A matrix with the different iterations (in row)
performed with the ARTIVAsubnet function and in column the identified positions for CPs.
burn_in
Number of initial iterations that are discarded for the
estimation of the model distribution (posterior
distribution). The ARTIVAsubnet function is a RJ-MCMC
algorithm which, at each iteration, randomly samples a new
configuration of the time-varying regulatory network from
probability distributions based on constructing a Markov chain that
has the network model distribution as its equilibrium distribution
(The equilibrium distribution is obtained when the Markov Chain
converges, which requires a large number of iterations).

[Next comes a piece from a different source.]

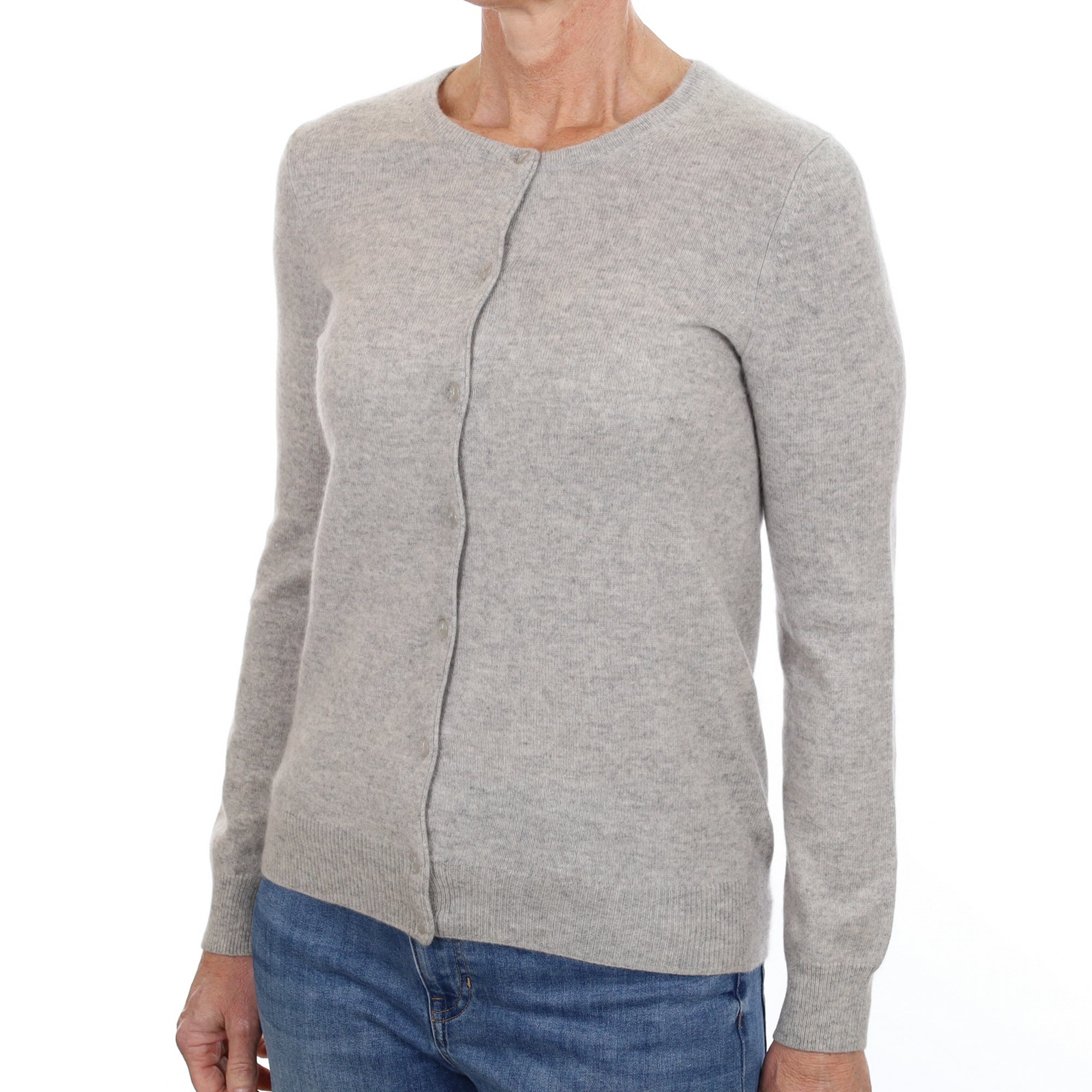 Smoke Grey Cashmere Crew Neck Cardigan Small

Typically, initial iterations are notconfident because the Markov
Chain has not stabilized. The burn-in samples allow to not consider
these initial iterations in the final analysis (optional, default:
burn_in=NULL, if burn_in=NULL then the first 25% of
the iterations is left for burn_in).
segMinLength
Minimal length (number of time points) to define a
temporal segment. Must be - strictly - greater than 1 if there is
no repeated measurements for each time point in arguments
targetData and parentData (optional, default: segMinLength=2).
Value
A list of 4 elements:
1) CPnumber: a table containing the approximate posterior distribution for the number of CPs.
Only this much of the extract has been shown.